ECB President Draghi has been speaking at a conference in Italy, talking the good talk that he expects ECB stimulus will raise Euro area inflation “without undue delay”. He continued: “There is no doubt that, if we had to intensify the use of our policy tool to reach our price stability objective, we would do so”. Take from that what you will as far as any further ECB action given how expectations for ramping up monetary stimulus in an aggressive fashion were dashed this month.

Bank of England Deputy Governor Shafik has also been speaking (seen as in the monetary hawk camp) and says that while the BOE’s next move is likely to be to raise rates, she would “proceed with caution”.

Coming up

Ahead of the FOMC on Thursday morning, we have the RBA minutes of this month’s board meeting at 1130, followed at 1 PM by the release of the government’s midyear economic and fiscal outlook (MYEFO), and press conference.
The RBA minutes for December should confirm the Bank’s observations of the trend improvement in the non-mining economy. The RBA held fire in the Board day release from any renewed anxiety over the $A; we expect the Minutes to do likewise.

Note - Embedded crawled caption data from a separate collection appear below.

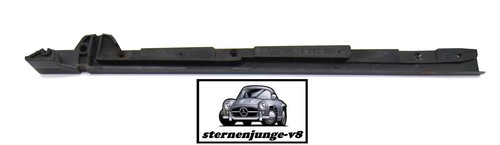 Mercedes w124 300ce - ✔️,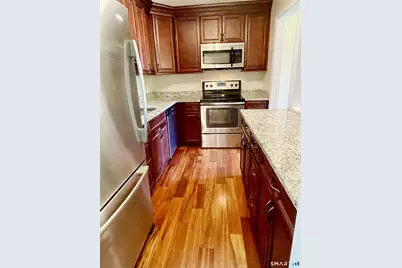 900 Mix Avenue #4, Hamden, CT 06514 - Photo 9
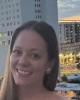 Kaitlin is single in Bradenton, FL USA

For MYEFO, there’ll be initial headline focus on the revised mid-year estimate of the Underlying Cash Balance (UCB) for 2015-16 and the profile beyond then. Amongst the re-jigging of the economic forecasts, there will be some focus on a likely downward revision to the terms of trade and any re-thinking of how the domestic economic improvement is playing out for the economy and the Budget. The median economists’ forecast is expecting to see the May $35.1bn deficit to be revised to $38bn. We expect less of a deterioration, to $36.5 billion. Also look out for the deficits in the out-years and the path back to surplus, the incorporation of slower potential growth assumption of 2¾% and any follow-up comments from ratings agencies. From a qualitative perspective, we’ll be interested to observe what new assumptions are embodied for the price of iron ore and the terms of trade but also whether the pickup in the non-mining economy is as yet showing up in higher tax revenues, with slower wages growth also coming with higher employment levels.

The government has also made clear that new spending from the likes of last week’s Innovation statement – which kicks in mostly from 2016-17 – and additional funds for the Syrian refugee crisis will be met by other budget measures rather than adding to the deficit’s bottom line.

As for data, Australia also has the statistician’s measure of house prices for Q3 that we expect will draw little to no market interest given the release elsewhere of house prices up to early December. November vehicle sales numbers are also out today as well as another weekly update from the ANZ Roy Morgan consumer confidence report.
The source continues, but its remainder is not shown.